Appreciate the thought.

The House of Representatives has approved several bills that would limit and change the way the federal government regulates businesses. The Republican-backed measures were all passed by largely party-line votes; none are seen as likely to be enacted into law.

The legislation underscores "an increasingly symbolic thrust of legislation as Congress heads toward midterm elections," NPR’s David Welna reports for our Newscast unit.

"This is an opportunity for us to show the American people that we are committed to restoring the trust in government," GOP Majority Leader Eric Cantor said today.

Those are warm, soothing words to the ears of free market fans but…they are just words. True, they are words in legislation, but it is legislation that will never be passed.

It’s also a familiar tactic.

The promise from leadership is that once the GOP retakes the Senate then these moves will be less symbolic and more likely to become law. That only holds true if there is a majority that can override vetoes from President Super Pen, which isn’t likely.

Just a couple of weeks ago, Mitch McConnell telegraphed the fact that he plans on being thoroughly useless until at least January of 2017.

Look, the problem is, we have a Democratic Senate. Fifty-five Democrats, 45 Republicans – we have a math problem. So, achieving the goal that we all would love to achieve is simply not attainable in the absence of relief at the polls with the American people flipping the Senate and then hopefully giving us a new president.

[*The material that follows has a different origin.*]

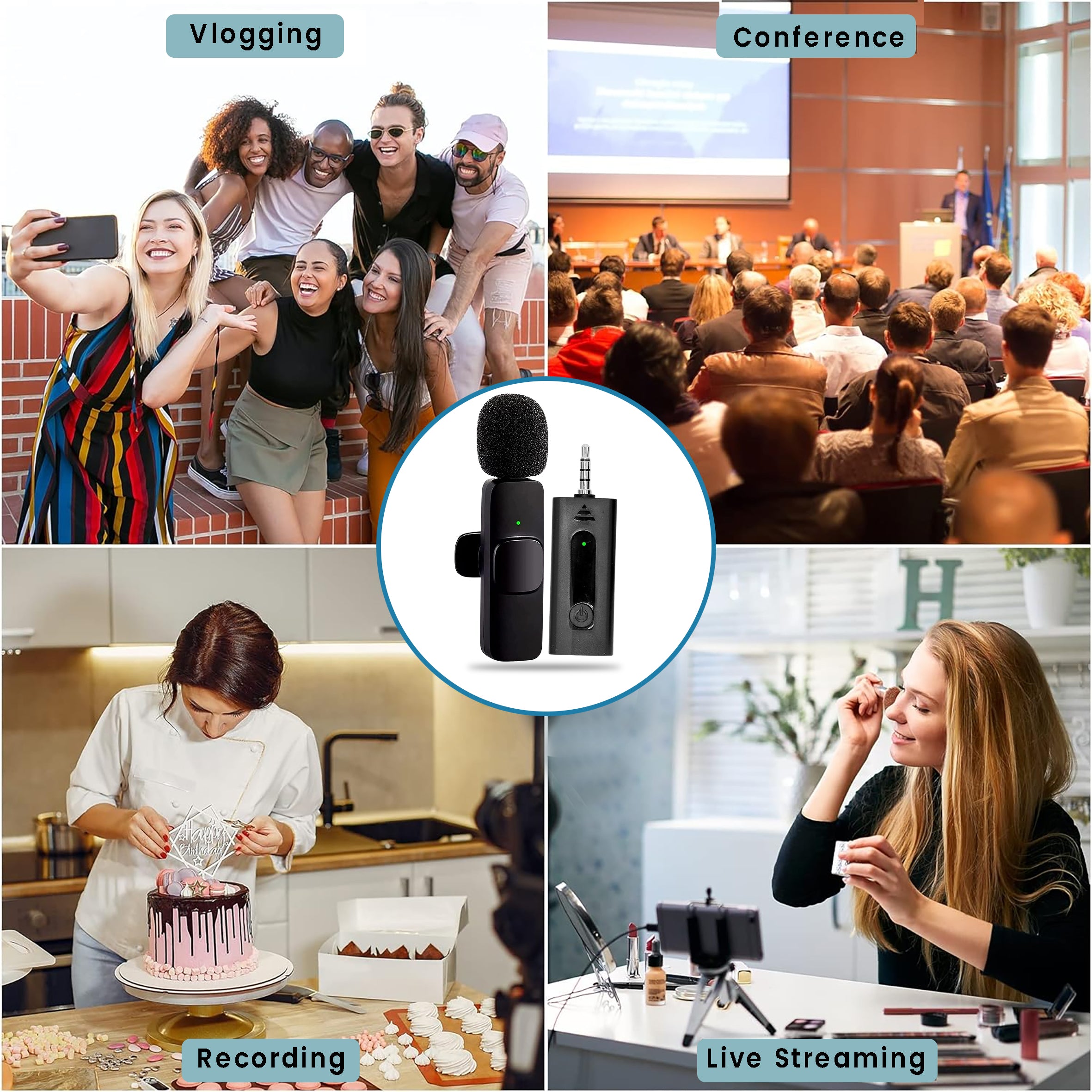 Arizone® Wireless Karaoke Microphone with Multiple Sound Effects Suitable for All Smartphones and PCs, Microphone for Singing, Party, Kids, Birthday, Family Gatherings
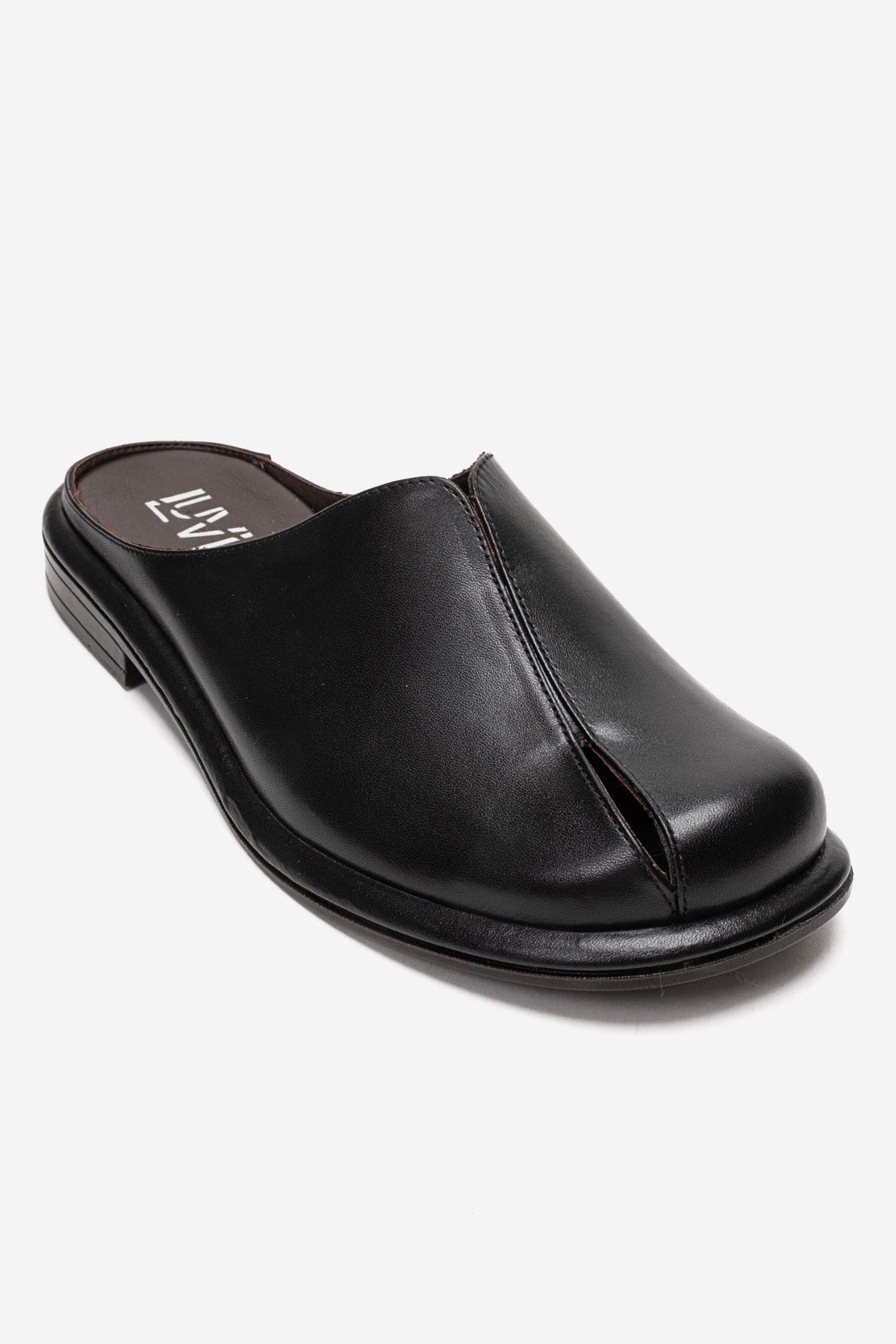 Tansy - Black Genuine Leather Closed-Toe Low Heel Mule – detail view showing leather, black, Vowalisse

So the next time we have a hammerlock on the Executive and Legislative branches, we will finally start achieving something, according to the prophecy or something.

The problems on the regulatory front are many. Each new law to make our lives "better" brings with it some sort of federal oversight. Obamacare alone practically creates a separate federal mothership hovering over our lives and ready to attack.

And the Republicans don’t have much of a small government track record in recent decades, even when they’ve had the majority. Many of the Republicans in Congress squawking about reduced regulation now participated in Medicaid expansion and a variety of other enlargements of the federal bureaucratic behemoth.

The expansion of that behemoth’s reach always include layers of new regulations. And, as history informs us with countless examples, once the federal government is allowed to beef up, it doesn’t do so well with dieting.

Sweeping changes are needed in Washington, but not just regarding regulation and legislation. We need to elect politicians who have the temerity to fight now for things that affect the future. The recent debt ceiling battles have been pathetic displays of purely political, short term you-know-what covering. The press and the politicians involved talked about tactics, elections, gridlock, Ted Cruz and a host of other things during the "debates". The one thing none of the people in charge seriously discussed?

The crippling debt.

In perfect world, we could elect a majority that didn’t care about reelection and would go all "scorched earth" while attacking hyper-regulation.

In an even more perfect world, that majority would get reelected after doing so.